Splitting: The splitting parameter can be any character which is specified.
Mapping: The mapping takes a set of data and converts it into tuples (Key-Value pair).
Intermediate Splitting: The process is to combine the same tubles from different clusters to provide an input to Reduce.
Reduce: The reduce will group by phase.
Combining: The last phase where the phases will be combined together to provide the output.

The only prerequisite to write the wordcount program, in java is Hadoop should install on your system with java idk.

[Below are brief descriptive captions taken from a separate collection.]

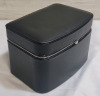 New - Danier Leather Jewelry Box with Manicure Kit . Measures 6"×4"×4" . Black leather outside with Tray, mirror , and manicure kit inside - 4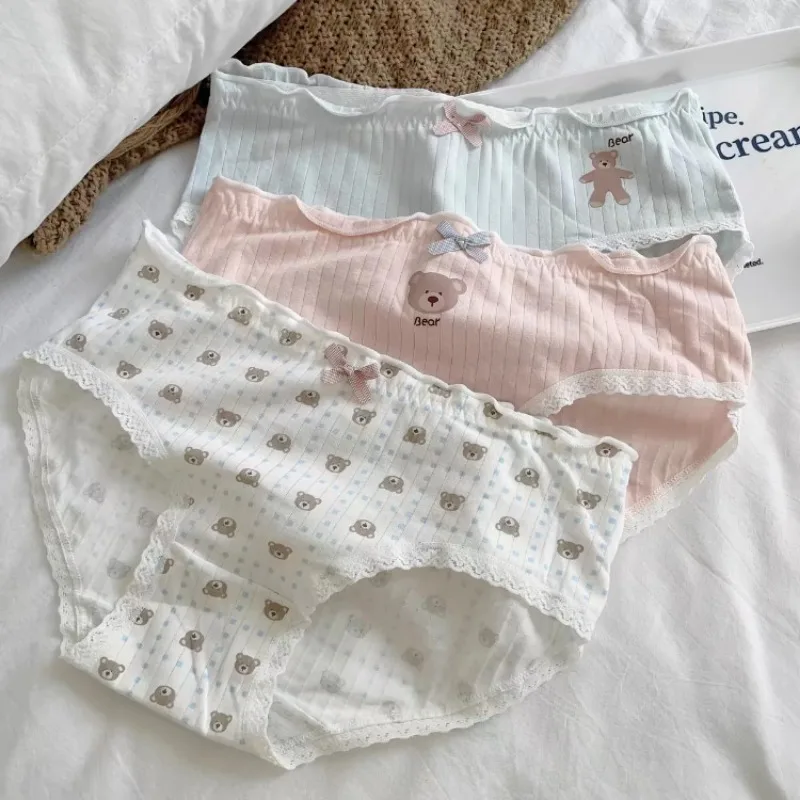 Girl's Japanese Cute Panties Sweet Butterfly Cherry Thread Cotton Mid Waist Underpants Girls Cartoon Plaid Bear Print Briefs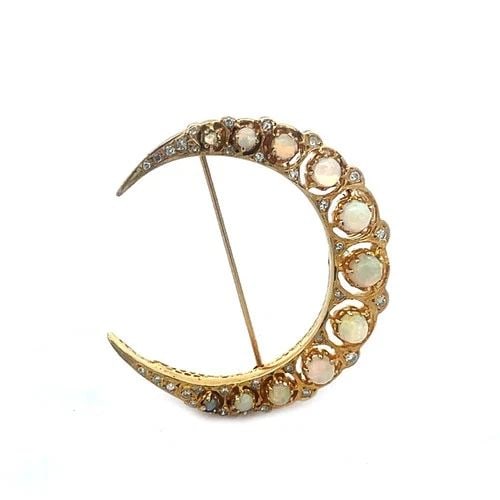 DIAMOND OPAL GOLD BROOCH/PENDANT 14K YELLOW CRESCENT MOON STYLE (1 of 2)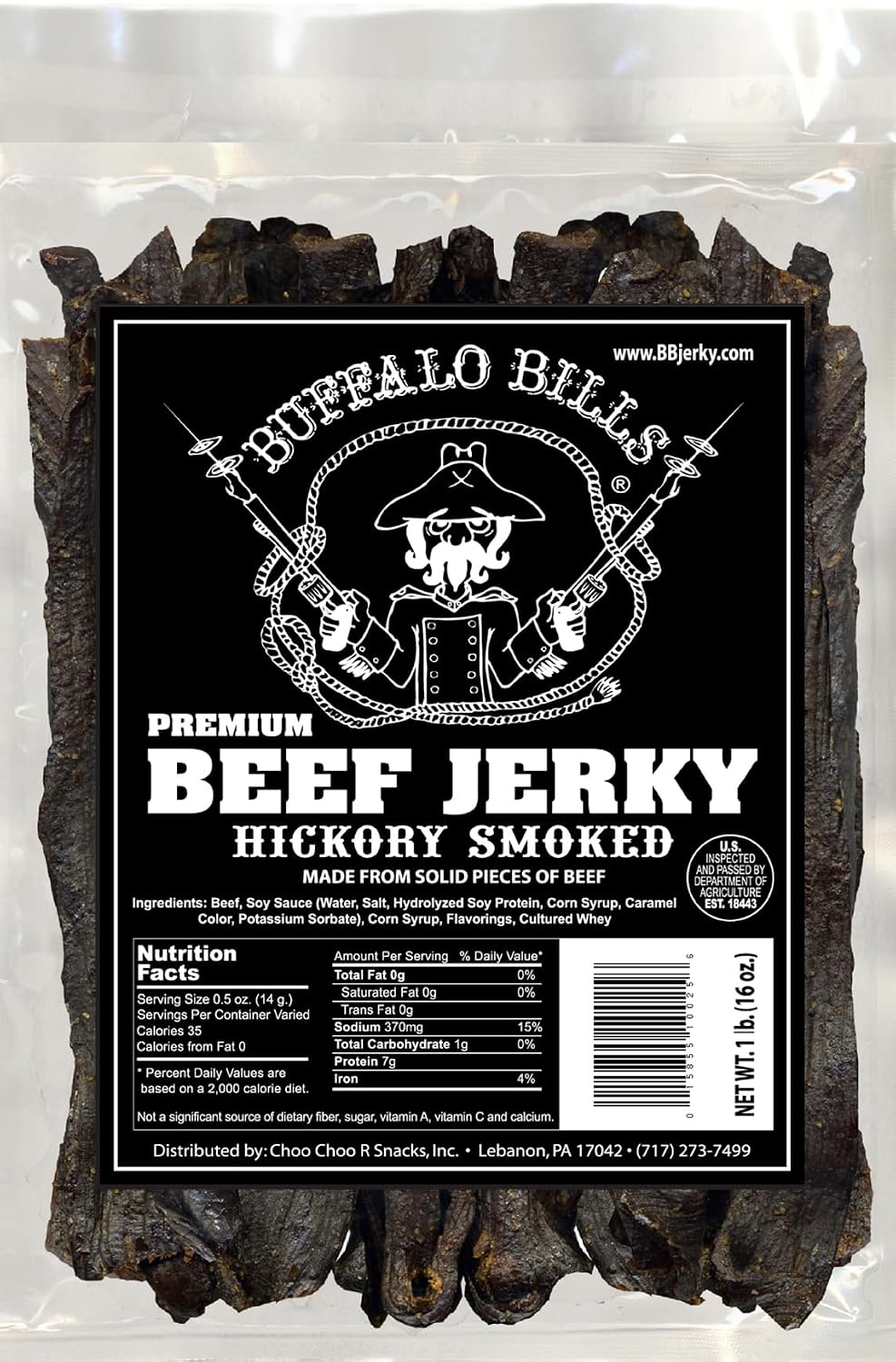Buffalo Bills 16 Oz Hickory Smoked Premium Beef Jerky Pieces in Random Size | Selling Beef Jerky Nationwide Since 1990, Made In The USA, 100% US Beef, Marinated In Soy Sauce, Garlic, And Black Pepper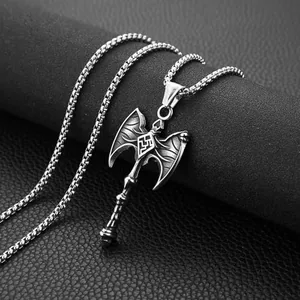 Viking Axe Pendant, stainless steel, another view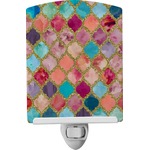 Glitter Moroccan Watercolor Ceramic Night Light
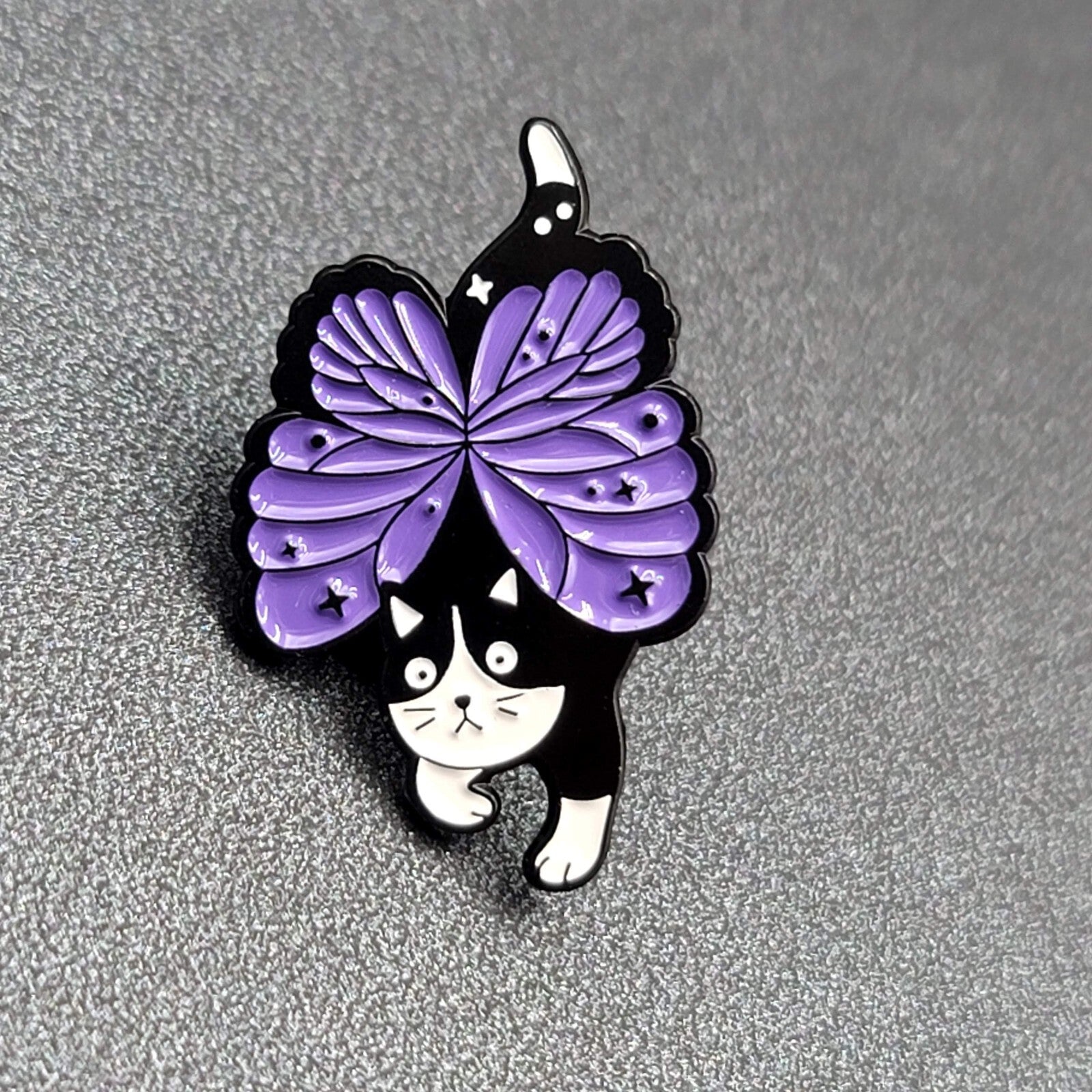 Black Cat Purple Butterfly Wings Enamel Lapel Hat Pin Sushi Roll 1 1/8"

Writing all of the above steps are not required and the need to write the splitting parameter, Map function logic, and Reduce function logic. The remaining steps will execute automatically.

Step-1: Write the Program with java code

package org.example.wordcount;
import java.io.IOException;
import org.apache.hadoop.conf.Configuration;
import org.apache.hadoop.conf.Configured;
import org.apache.hadoop.fs.FileSystem;
import org.apache.hadoop.fs.Path;
import org.apache.hadoop.io.IntWritable;
import org.apache.hadoop.io.Text;
import org.apache.hadoop.mapreduce.Job;
import org.apache.hadoop.mapreduce.Mapper;
import org.apache.hadoop.mapreduce.Reducer;
import org.apache.hadoop.mapreduce.lib.input.FileInputFormat;
import org.apache.hadoop.mapreduce.lib.input.TextInputFormat;
import org.apache.hadoop.mapreduce.lib.output.FileOutputFormat;
import org.apache.hadoop.mapreduce.lib.output.TextOutputFormat;
import org.apache.hadoop.util.GenericOptionsParser;
import org.apache.hadoop.util.Tool;
import org.apache.hadoop.util.ToolRunner;
public class WordcountExample {
	public int run(String[] args) throws Exception {
		if (args.length != 2) {
			System.out.println("Usage: [input] [output]");
			System.exit(-1);
		}
		Job jobex = jobex.getInstance(getConf());
		jobex.setJobName("wordcount");
		jobex.setJarByClass(WordcountDriver.class);
		jobex.setOutputKeyClass(Text.class);
		jobex.setOutputValueClass(IntWritable.class);
		jobex.setMapperClass(WordcountExampleMapper.class);
		jobex.setCombinerClass(WordcountExampleReducer.class);
		jobex.setReducerClass(WordcountExampleReducer.class);
		jobex.setInputFormatClass(TextInputFormat.class);
		jobex.setOutputFormatClass(TextOutputFormat.class);
		Path inputFilePath = new Path(args[0]);
		Path outputFilePath = new Path(args[1]);
		/* This line is to accept the input recursively */
		FileInputFormat.setInputDirRecursive(job, true);
		FileInputFormat.addInputPath(job, inputFilePath);
		FileOutputFormat.setOutputPath(job, outputFilePath);
		/*  Delete output filepath if already exists */
		FileSystem fs = FileSystem.newInstance(getConf());
		if (fs.exists(outputFilePath)) {
			fs.delete(outputFilePath, true);
		}
		return jobex.waitForCompletion(true) ? 0: 1;
	}
}
public class WordcountExampleMapper extends 
			Mapper<LongWritable, Text, Text, IntWritable> {
	private final static IntWritable one = new IntWritable(1);
	private Text word = new Text();
	public void map(LongWritable key, Text value, Context context) 
			throws IOException, InterruptedException {
		String line = value.toString();
		StringTokenizer tokenizer = new StringTokenizer(line);
		while (tokenizer.hasMoreTokens()) {
			Text singleword = new Text(word.toUpperCase().trim());
			word.set(tokenizer.nextToken());
			context.write(singleword, one);
		}
	}
}	
public class WordcountExampleReducer extends
		Reducer<Text, IntWritable, Text, IntWritable> {
	private IntWritable totalWordCount = new IntWritable();
	public void reduce(final Text key, final Iterable<IntWritable> 
	values,final Context context) throws IOException,
												 InterruptedException {
		int totalcount = 0;
		Iterator<IntWritable> iterator = values.iterator();
		while (iterator.hasNext()) {
			totalcount += iterator.next().get();
		}
		totalWordCount.set(totalcount);
		context.write(key, totalWordCount);
	}
}

Step-2: Make the jar(WCExample.jar) file from the above code.

Step-3: Run the jar file.

$ hadoop jar WCExample.jar  org.example.
wordcount.wordcountExample /user/user-name/wc/input
  /user/user-name/wc/output

Step-4: Expected Result

$ bin/hadoop fs -cat /user/ user-name
 /wc/output/part-r-00000

book 4
pen 3
pencil 3
sharpener 2
eraser 1